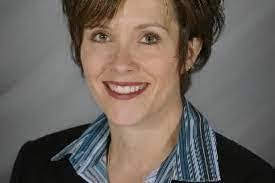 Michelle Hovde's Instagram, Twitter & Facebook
-- -- --
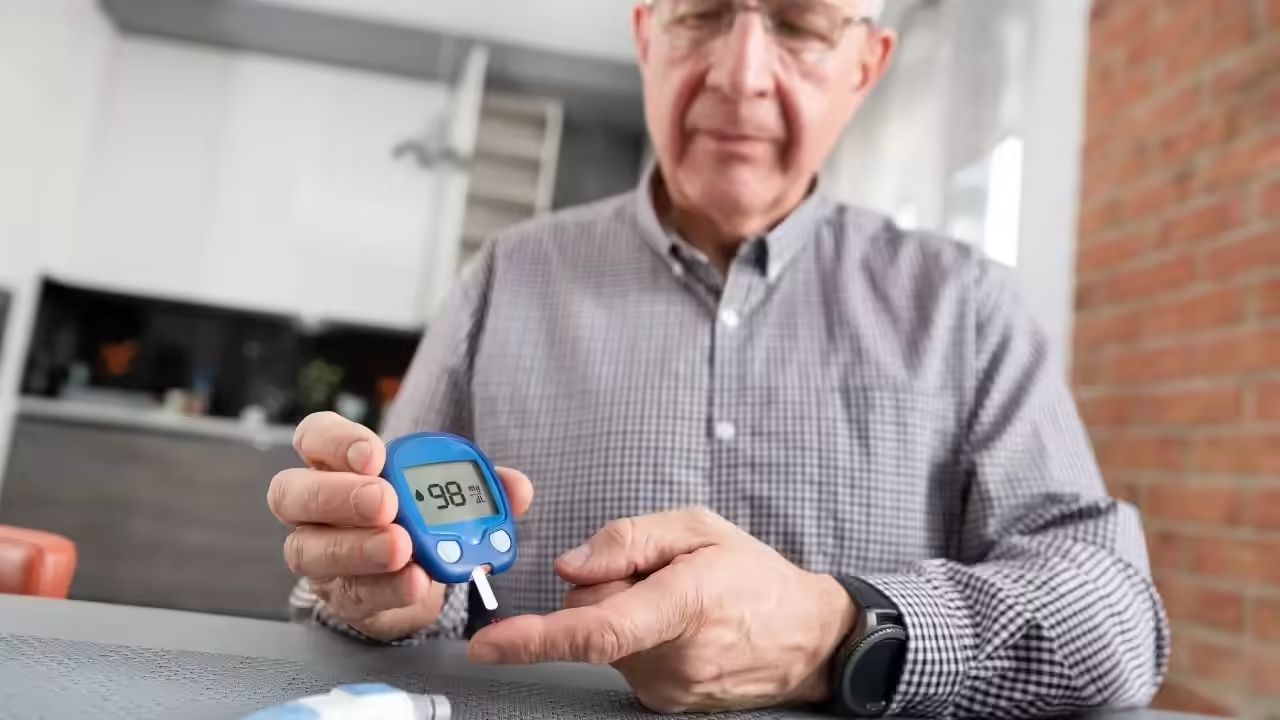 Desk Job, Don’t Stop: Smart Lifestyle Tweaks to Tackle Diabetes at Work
-- -- --
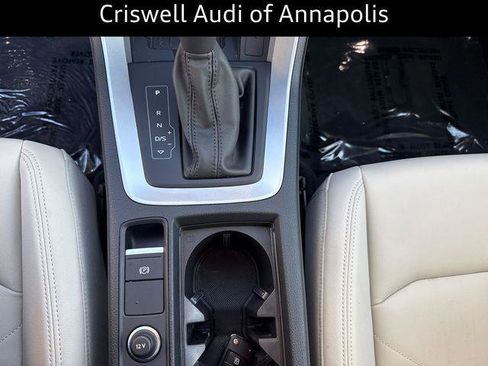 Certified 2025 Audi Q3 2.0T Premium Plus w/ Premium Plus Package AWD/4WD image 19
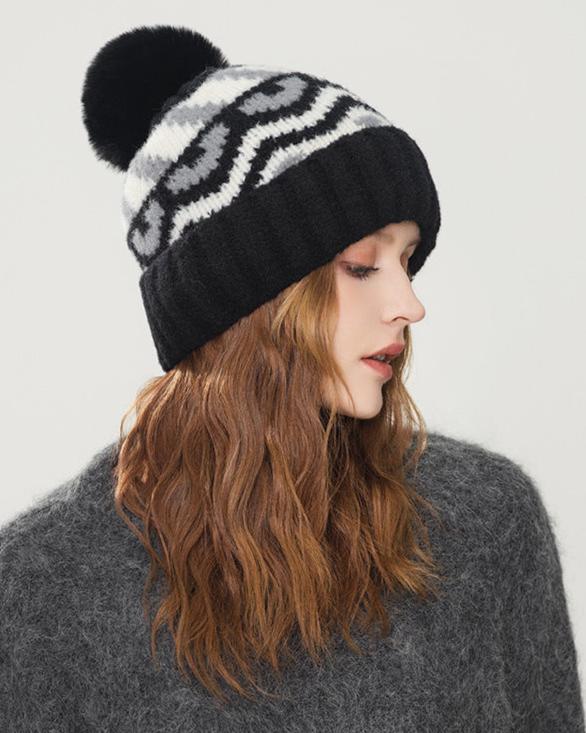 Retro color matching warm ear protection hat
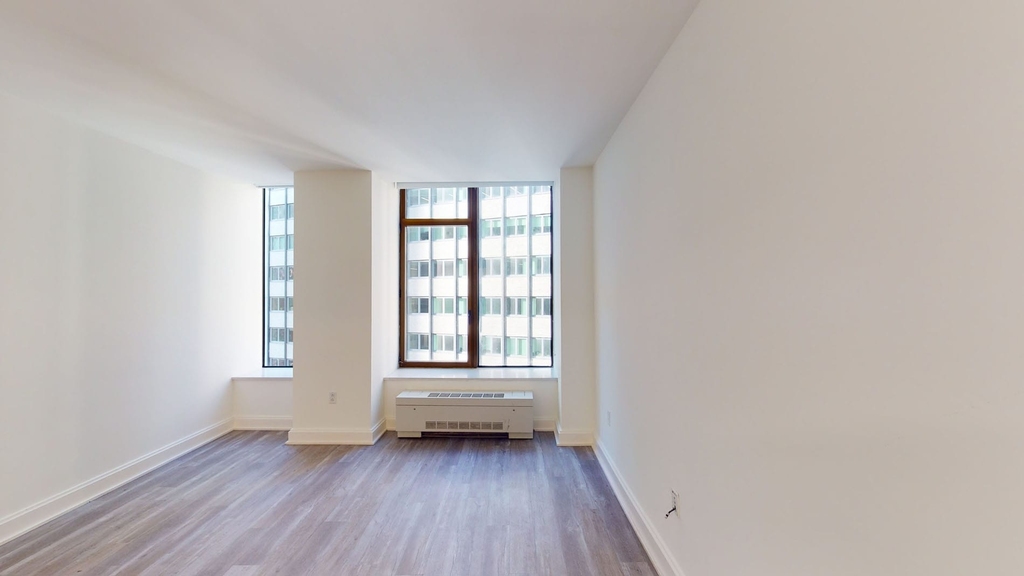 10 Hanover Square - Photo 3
-- -- --
WHAT YOU HAVE TO DO: Output exactly the lines above that lie between the line with "Retro color matching warm ear protection hat" and the line with "10 Hanover Square - Photo 3", those two lines included, and no pictures.

PROBLEM SOLUTION:
 Retro color matching warm ear protection hat
 10 Hanover Square - Photo 3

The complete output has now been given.